3 Outline of the FOS project

3.1 Resources

The following resources have been singled out from the fishery information systems considered in the project:

the oneFish topic trees (about 1,800 topics), made up of hierarchical topics with brief summaries, identity codes and attached knowledge objects (documents, web sites, various metadata). The hierarchy (average depth: 3) is ordered by (at least) two different relations: subtopic, and intersection between topics, the last being notated with @, similarly to relations found in known subject directories like DMOZ.

There is one 'backbone' tree consisting of five disjoint categories, called worldviews (subjects, ecosystem, geography, species, administration) and one worldview (stakeholder), maintained by the users of the community, containing own topics and topics that are also contained in the first four other categories. Alternative trees contain new 'conjunct' topics deriving from the intersection of topics belonging to different categories.

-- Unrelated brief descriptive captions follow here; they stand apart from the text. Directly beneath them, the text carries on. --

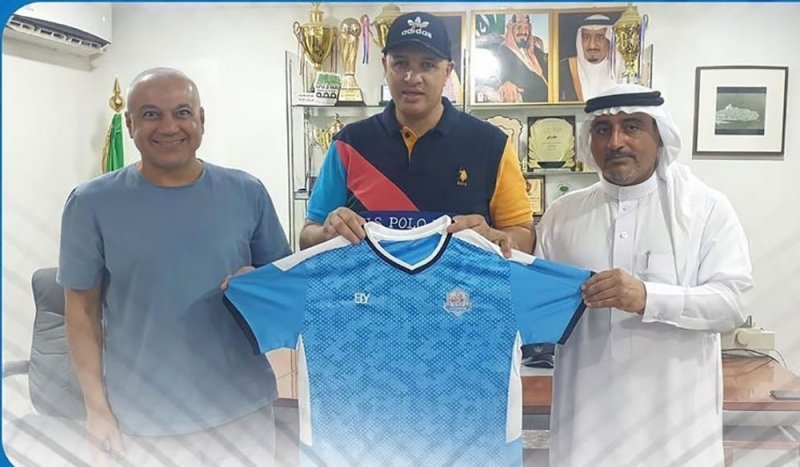 مدرب بحريني في الدوري السعودي لكرة السلة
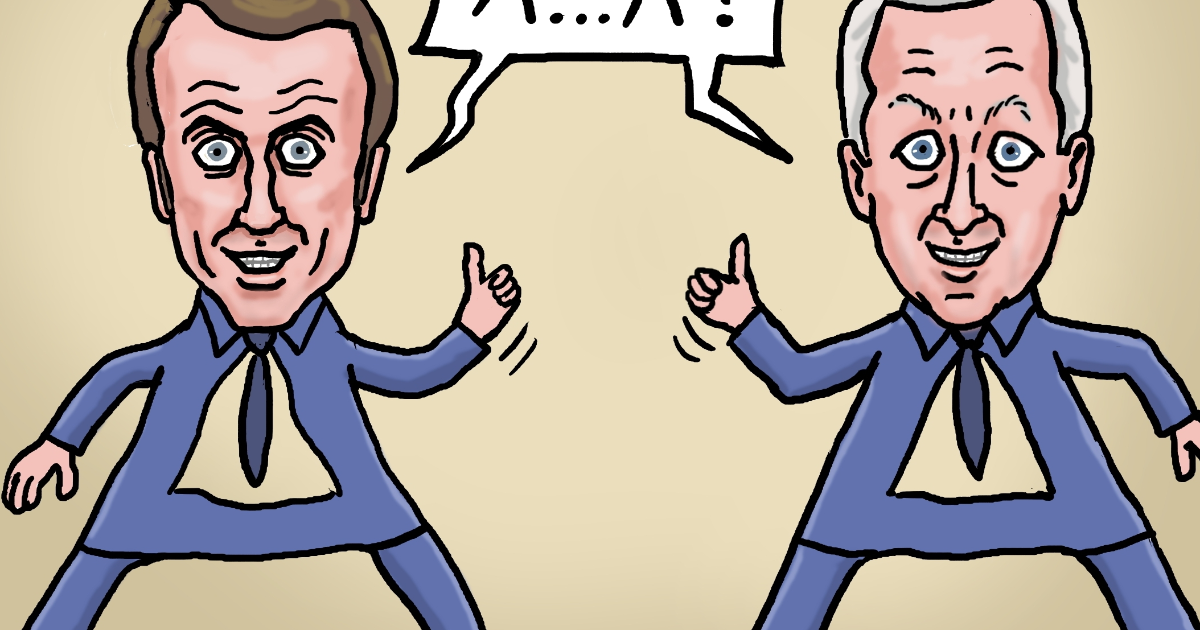 dette publique : la France reste au niveau AA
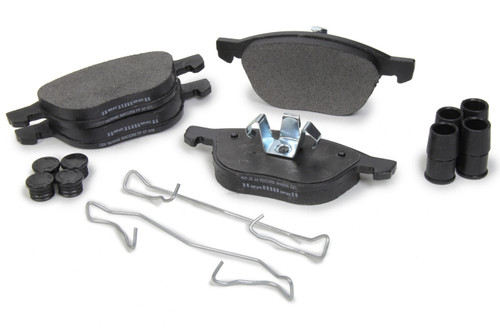 Brake Pads - Posi-Quiet - Semi-Metallic - Ford Crossover 2013-18 - Kit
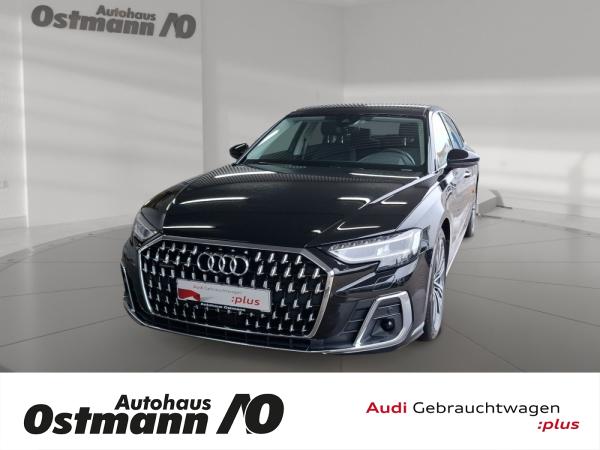 Audi A8 50 TDI quattro Matrix 360 4xSHZ ACC Pano bild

AGROVOC thesaurus (about 500 fishery-related descriptors), with thesaurus relations (narrower term, related term, used for) among descriptors, lexical relations among terms, terminological multilingual equivalents, and glosses (scope notes) for some of them.

ASFA thesaurus, similar to AGROVOC, but with about 10,000 descriptors.

Fig. 1. A class diagram of the source data types taken into account.

Fig. 2. A state diagram that sketches the methodology used to extract and refine the informal data.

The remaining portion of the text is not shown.